Drift control agents
Sometimes called elasticizers, are adjuvants that reduce the breakup of spraying into fine droplets that drift out of the spray area and may contaminate adjacent properties or crops.
Deposition aids too
Not only do drift control agents keep sprays from breaking up into fine droplets that float away, but they also increase the amount of spray actually deposited onto the spray target. Runoff is also reduced and pesticide deposit increases of 25% to 35% are not uncommon.
Etc
There are other spray adjuvants used for special purposes. Usually their name specifies their primary uses. If a grower has a special need, the answer can frequently be found from an established and reliable chemical supplier.
Things To Remember and Do
Buy your spray adjuvants, as well as your spray chemicals from a reliable professional chemical supplier who will be there when you need him, who knows the broad range of agricultural chemicals and adjuvants and who keeps up with the constantly changing lines of products.

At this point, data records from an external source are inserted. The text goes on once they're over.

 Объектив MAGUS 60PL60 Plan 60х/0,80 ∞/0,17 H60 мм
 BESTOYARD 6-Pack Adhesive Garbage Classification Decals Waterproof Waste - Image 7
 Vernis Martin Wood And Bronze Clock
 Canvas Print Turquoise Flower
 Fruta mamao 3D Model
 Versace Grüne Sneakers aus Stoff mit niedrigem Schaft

Bottle test your spray mixtures for compatibility. If anything in a tank is new or different, the water source, the brand(s) of chemicals or other factors, test before you mix a full batch of spray—it could save you a bundle of money.
Check the spread of some drops of the spray mixture on the plants to be sprayed. You want somewhat mounded spray drops that stay in place.

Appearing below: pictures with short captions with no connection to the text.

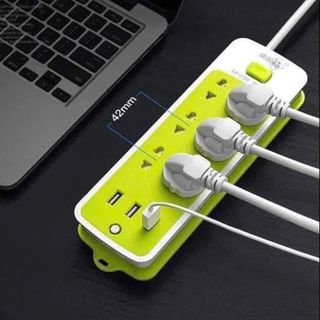 Ổ điện xanh có cổng USB giá sỉ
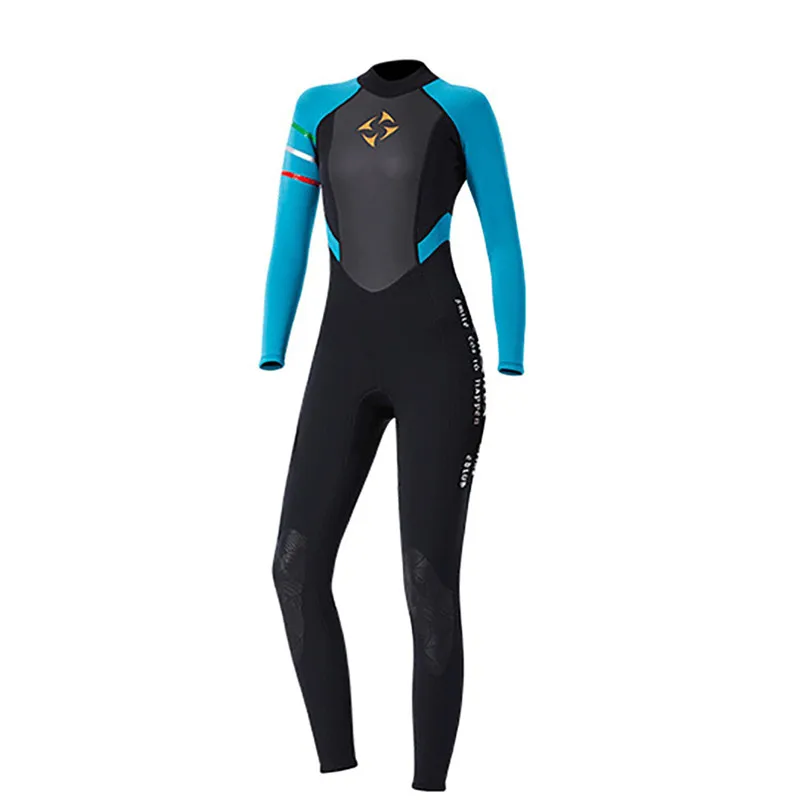 Wetsuits Women 3mm Diving Suit Full Body Scuba Wetsuit Surf Swimming Jumpsuit One piece Swimsuit #2P22 (13)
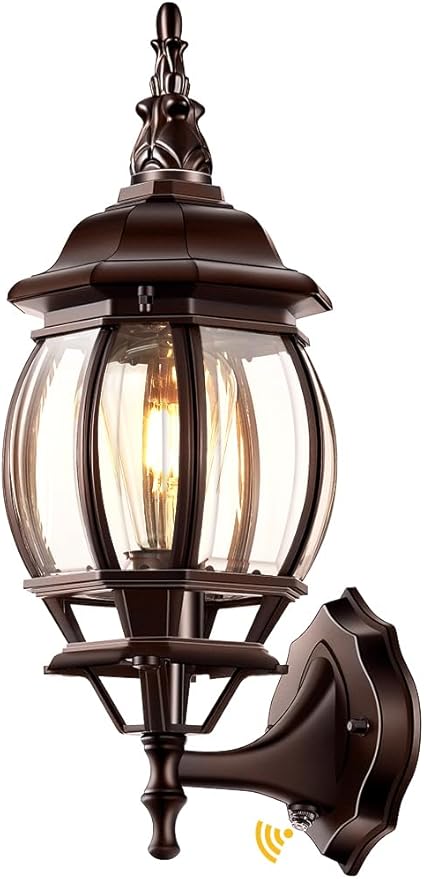 VIANIS Outdoor Wall Lantern, Dusk to Dawn Porch Lights, Outside Lighting Fixtures for House, Oil Rubbed Bronze Exterior Garage Light Fixtures Wall Mount, Anti Rust Outdoor Sconce Light for Patio,Coach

high standing, round drops that fall off or shake off easily indicate the need for a spreader.
flat drops that tend to slide off the surface too readily indicate too much spreader.
for pubescent (hairy) plants, the drops should flow down among the hairs but not readily flow off a vertical leaf surface.
If a rain or heavy dew is likely before the next scheduled spray, use a sticker. (NOTE: If the outside of your sprayer is easily or even readily washed off after a days spraying, more or better sticker is needed in your sprays since they will wash off of the sprayed plants just as readily.)
If it is windy, the humidity is quite low or you are spraying when there is an atmospheric temperature inversion near the ground, use a drift control agent.
When using alkaline spray water, lower the pH with an acidifying agent.
When spraying a sunlight or heat sensitive pesticide, use an extender.
Some examples of spray adjuvants currently available.
This list is by no means complete and is intended only to give examples of each type of spray adjuvant discussed in the text. With the exception of NU-FILM-17, which is the only true Extender (as defined above) available in the U.S. ag markets, other products are available in each category and worthy of consideration. The omission of any product was not intentional but space considerations prevent a complete listing. There are also many products out there to avoid.
Management tools
We’re only talking about tools to better manage your spray programs and to make them more effective. Spray adjuvants are effective tools, when properly used, and very important to many spraying situations. They can help or hurt and much more care and attention should be given to their proper selection and use. The important thing is to get the job done right and get the most out of every spray dollar. The spray adjuvants are an important part of your management equipment.